The answer must consist solely of the lines from the one with "What we're working" through the last line of the data, copied exactly, with no pictures.

Stored items:
------

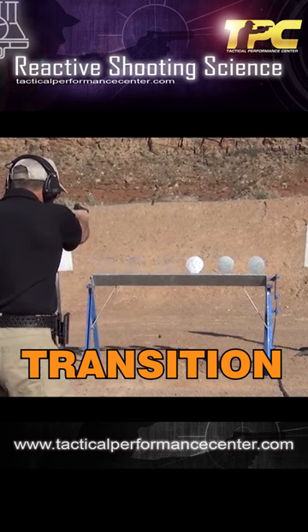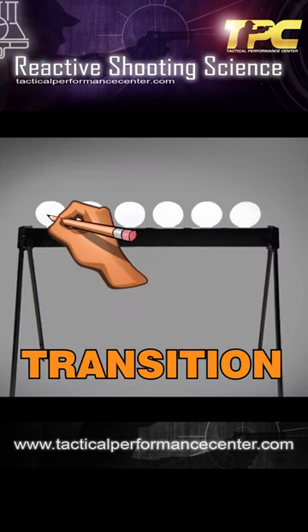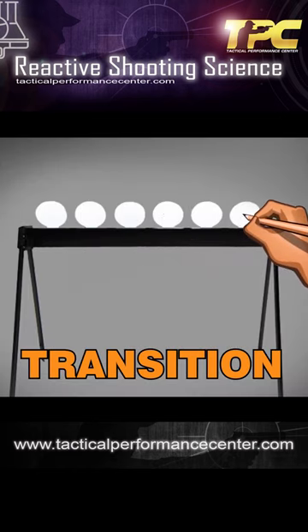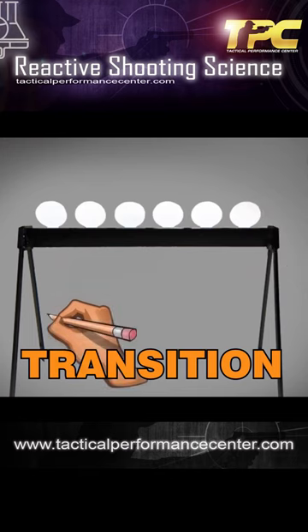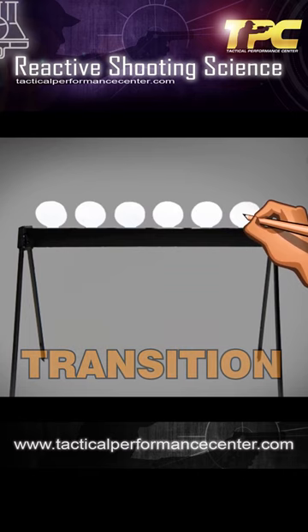There's a pause where you slow down the momentum of the gun as you go inside the plate, and then you move it quickly into the next one — accelerate, decelerate, accelerate, decelerate, and so on.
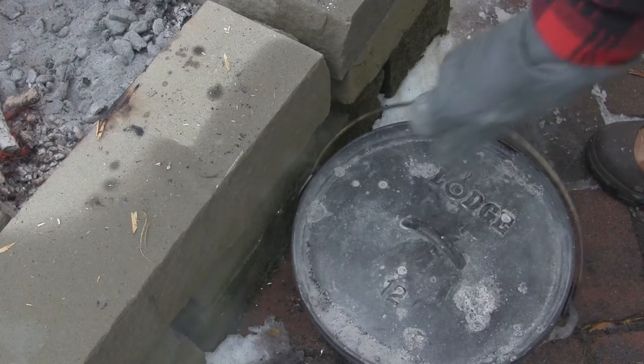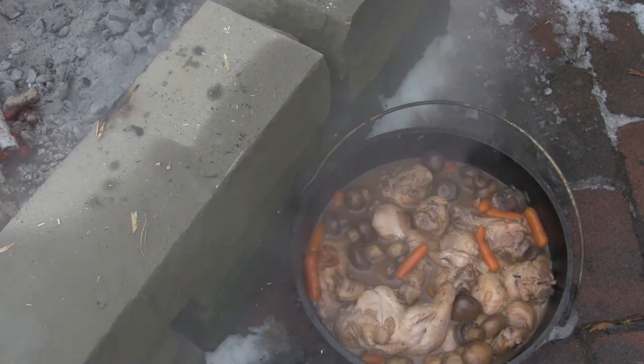We're back after an hour. Oh man, this looks good, smells good. I think it's time for us to take it off the fire, grab a drumstick, and give this a taste.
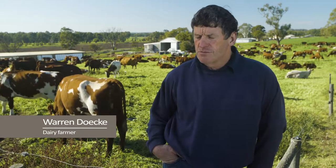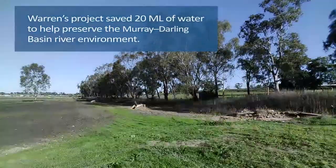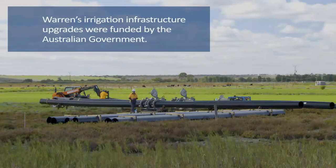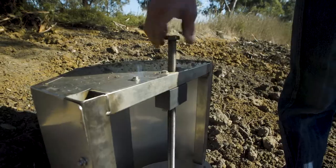What we're working on at the moment is replacing conventional open channel along what we call the back swamp, putting in pipe and riser. Once we get all the pipe and riser all in place, once you start the pump the water will come out instantly available up the other end.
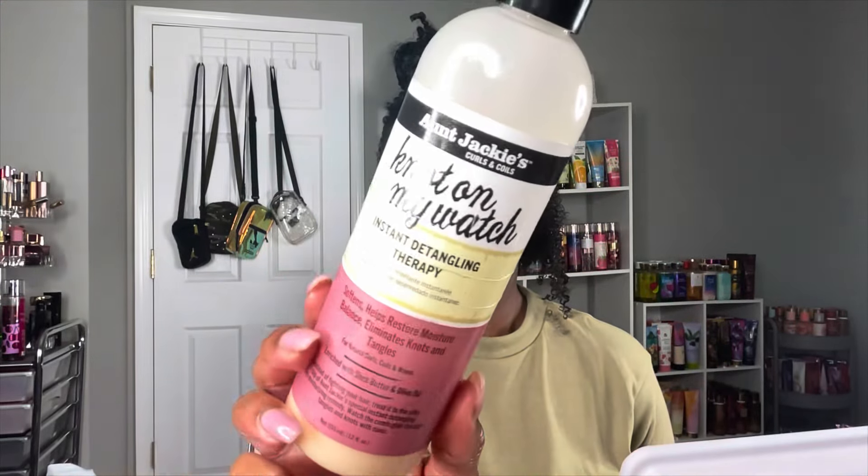Alright y'all, so that is the Aunt Jackie's Not On My Watch Instant Detangling Therapy. I'm finding a twist and putting a good amount of that detangler onto the twist, running it through the whole length. This is literally on a Friday after work. After I run that detangler on the length of my twist, I find a little spacing in between the twist, put my fingernails through it, and start to unravel it.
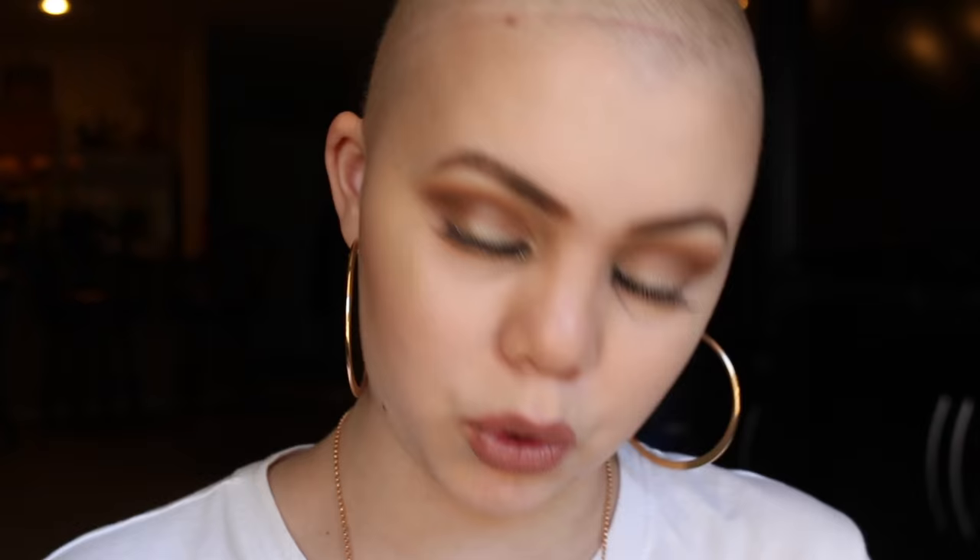This is also a Morphe palette — a bronzer palette. This one doesn't have a sticker; I'm not sure if it fell off or it just didn't have one. I use this on other people mostly. If you're trying to look for products that are very good quality to put in your makeup kit, these are really great. Morphe has a variety of different palettes — blush palettes, all sorts of things — and they're all really great quality for the price.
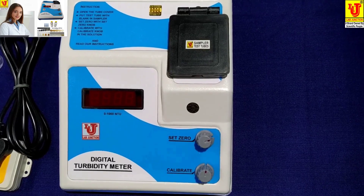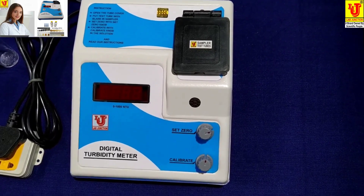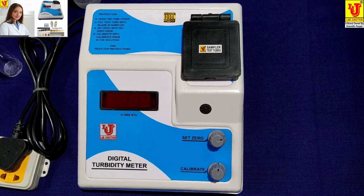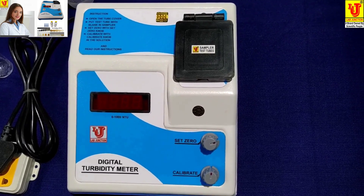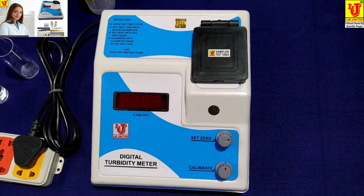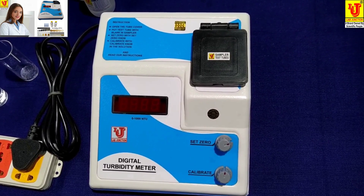Lab Junction's Digital Turbidity Meter, Model LJ331. Always give 10 minutes warm-up before starting the operation of the Digital Turbidity Meter.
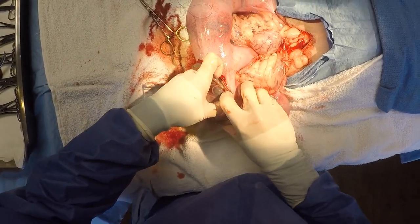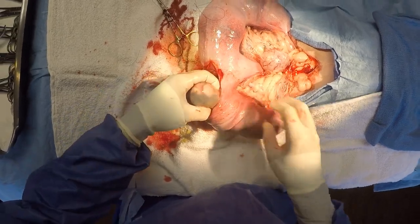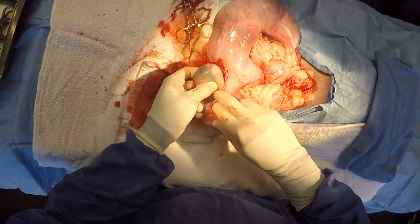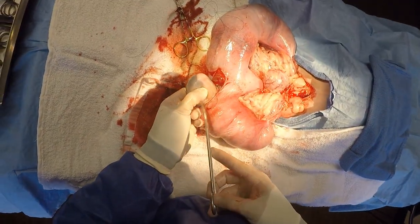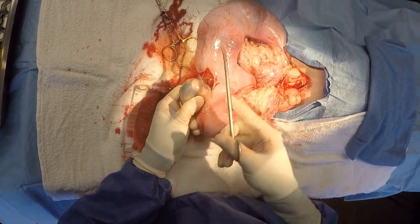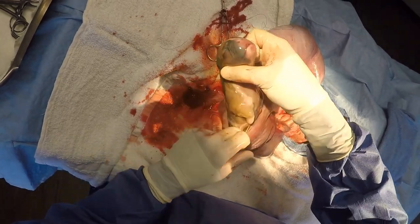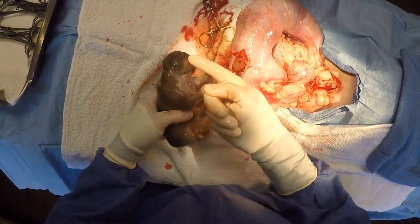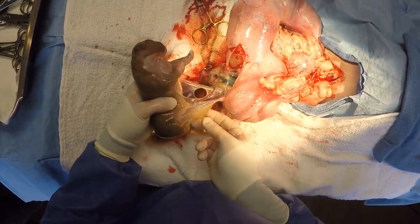This procedure is continued exactly the same way with the second puppy. As you can see, we're grasping the second puppy — that's the head of the second puppy right there. Once again, a pair of scissors will be used to make a little incision through the placenta in order to remove the placenta from around the puppy's head, face, and body. This procedure continues the same way: tying off the umbilicus, presenting it to a staff member, and having them revive the puppy.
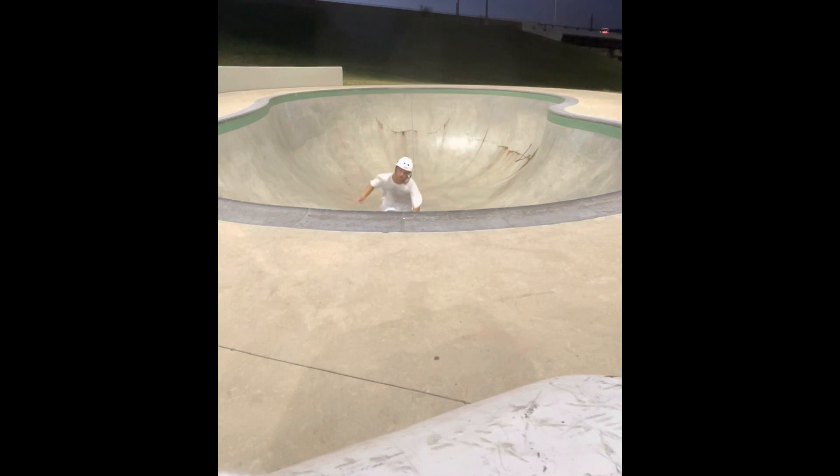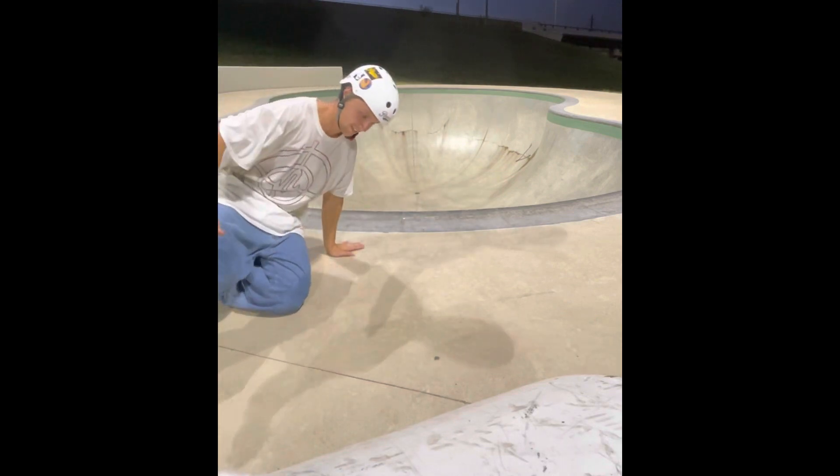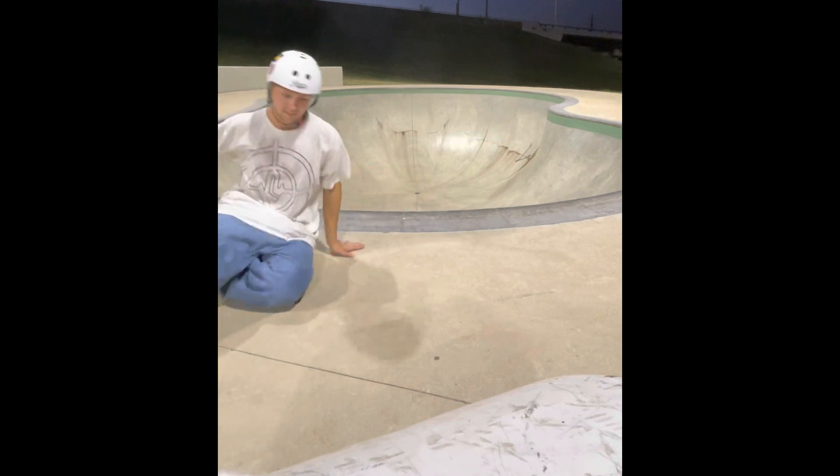Now try to make it a full 360 with your hands still on the coping. You don't have to land it, just make sure you rotate a full 360.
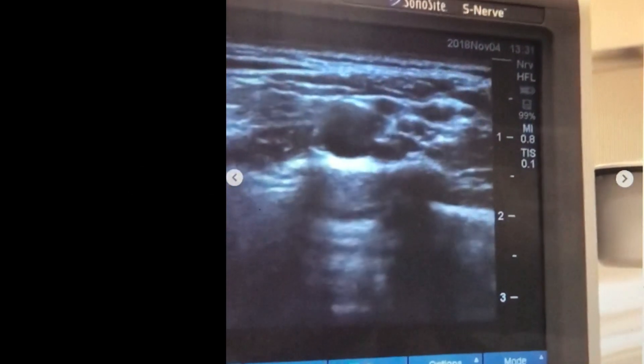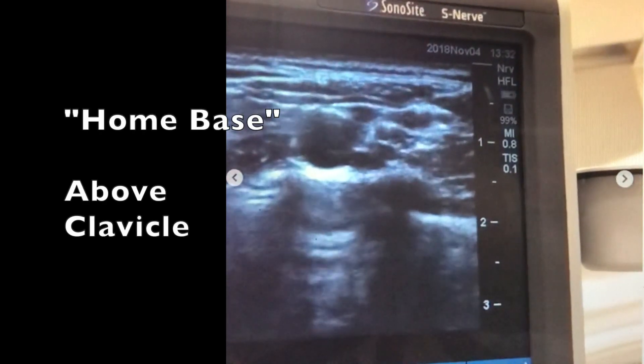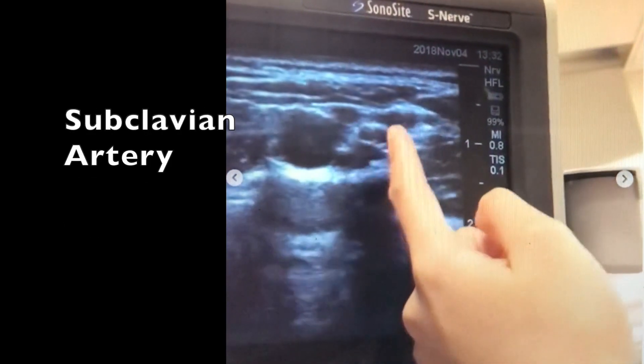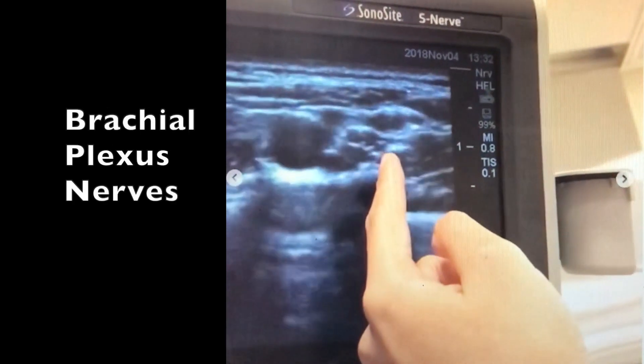Brittany is going to try and find my brachial plexus. This is the home base position, with the probe above the clavicle. You want to find the subclavian artery, which is the dark circle that's pulsating. Then to the right of it, these darker, smaller circles — kind of a bundle of grapes — those are the nerves.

------

> [WRITTEN RESPONSE]
What we're working on at the moment is replacing conventional open channel along what we call the back swamp, putting in pipe and riser. Once we get all the pipe and riser all in place, once you start the pump the water will come out instantly available up the other end.
Alright y'all, so that is the Aunt Jackie's Not On My Watch Instant Detangling Therapy. I'm finding a twist and putting a good amount of that detangler onto the twist, running it through the whole length. This is literally on a Friday after work. After I run that detangler on the length of my twist, I find a little spacing in between the twist, put my fingernails through it, and start to unravel it.
This is also a Morphe palette — a bronzer palette. This one doesn't have a sticker; I'm not sure if it fell off or it just didn't have one. I use this on other people mostly. If you're trying to look for products that are very good quality to put in your makeup kit, these are really great. Morphe has a variety of different palettes — blush palettes, all sorts of things — and they're all really great quality for the price.
Lab Junction's Digital Turbidity Meter, Model LJ331. Always give 10 minutes warm-up before starting the operation of the Digital Turbidity Meter.
This procedure is continued exactly the same way with the second puppy. As you can see, we're grasping the second puppy — that's the head of the second puppy right there. Once again, a pair of scissors will be used to make a little incision through the placenta in order to remove the placenta from around the puppy's head, face, and body. This procedure continues the same way: tying off the umbilicus, presenting it to a staff member, and having them revive the puppy.
Now try to make it a full 360 with your hands still on the coping. You don't have to land it, just make sure you rotate a full 360.
Brittany is going to try and find my brachial plexus. This is the home base position, with the probe above the clavicle. You want to find the subclavian artery, which is the dark circle that's pulsating. Then to the right of it, these darker, smaller circles — kind of a bundle of grapes — those are the nerves.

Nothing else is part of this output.